Je me rallongeai dans l’empreinte laissée par mon corps et attendis la mort qui semblait m’avoir oublié. J’attendis longtemps. Comme elle tardait toujours à venir, je décidai de l’aider et avalai les baies rouges d’un houx proche, seules taches de couleur dans ce monde composé de gris et de blanc. Je me rallongeais et le temps passa lentement.
Me vint alors une autre question : pourquoi étais-je conscient ?
Devais-je venger leur mort ? Une malédiction me condamnait-elle à une vie d’errance pour mes crimes ?
À court de réponses et d’options, je réunis quelques affaires trouvées dans les décombres, désormais froides.

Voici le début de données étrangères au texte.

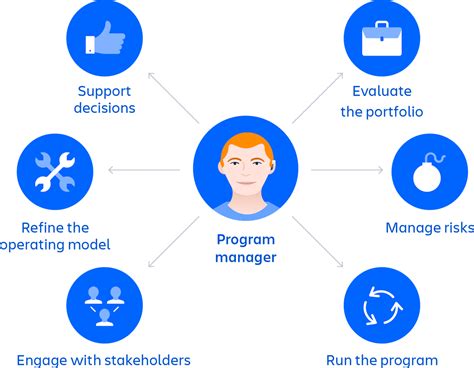 what does a program manager do at amazon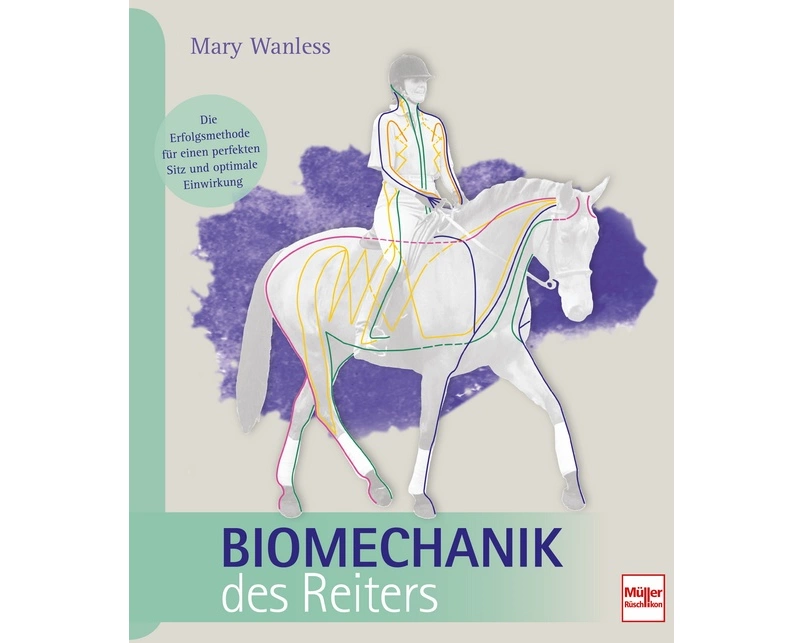 Biomechanik des Reiters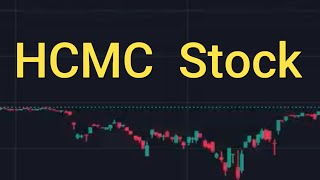 HCMC Stock Price Prediction News Today 9 December  Healthier Choices Management Corp [upl. by Arst950]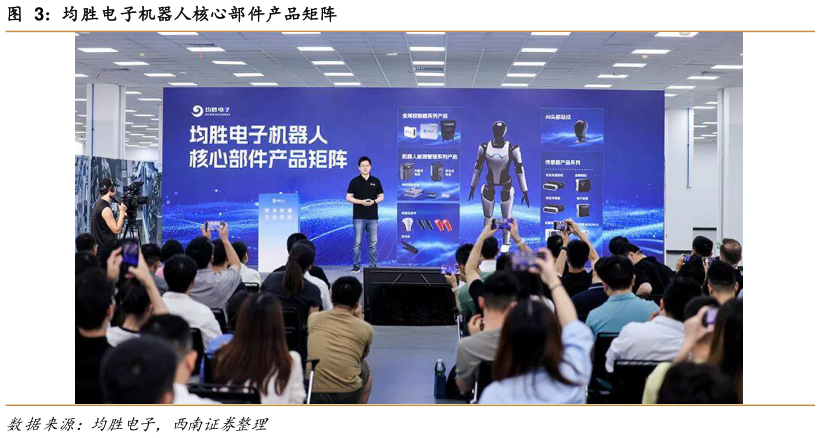 谁能回答均胜电子机器人核心部件产品矩阵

C’est en les fouillant que ma main rencontra la poignée à coque d’une rapière. L’arme était de belle facture, digne d’un petit seigneur ou d’un bourgeois important. Je la dressai devant mon visage et en chassai la cendre d’un mouvement sec, effectuais quelques gestes… rien ! Comme tout le reste, elle ne m’évoquait absolument rien.
Je me mis à errer, sans buts ni directions. J’évitais instinctivement toute trace de civilisation, préférant la solitude de la forêt. Je chassais et me nourris plus par réflexe d’une vie perdue que par besoin, réalisant que j’étais peu tenu aux contingences de la chair.
Le printemps finit par succéder à l’hiver et ramener un regain d’activité humaine. C’est ainsi que des enfants m’aperçurent et parlèrent de leur frayeur à leurs mères, qui en parlèrent à leurs maris et qu’une patrouille de gardes vint me capturer.
Le sergent du guet à qui l’on me présenta était dépassé par la situation. La veille, l’armée lui avait confié un prisonnier important, hérétique et brigand de grand chemin, avec pour mission de le soumettre à la question. Aujourd’hui, il se retrouvait avec… moi. C’était plus d’agitation et de problèmes que durant toute sa carrière dans ce coin champêtre et reculé.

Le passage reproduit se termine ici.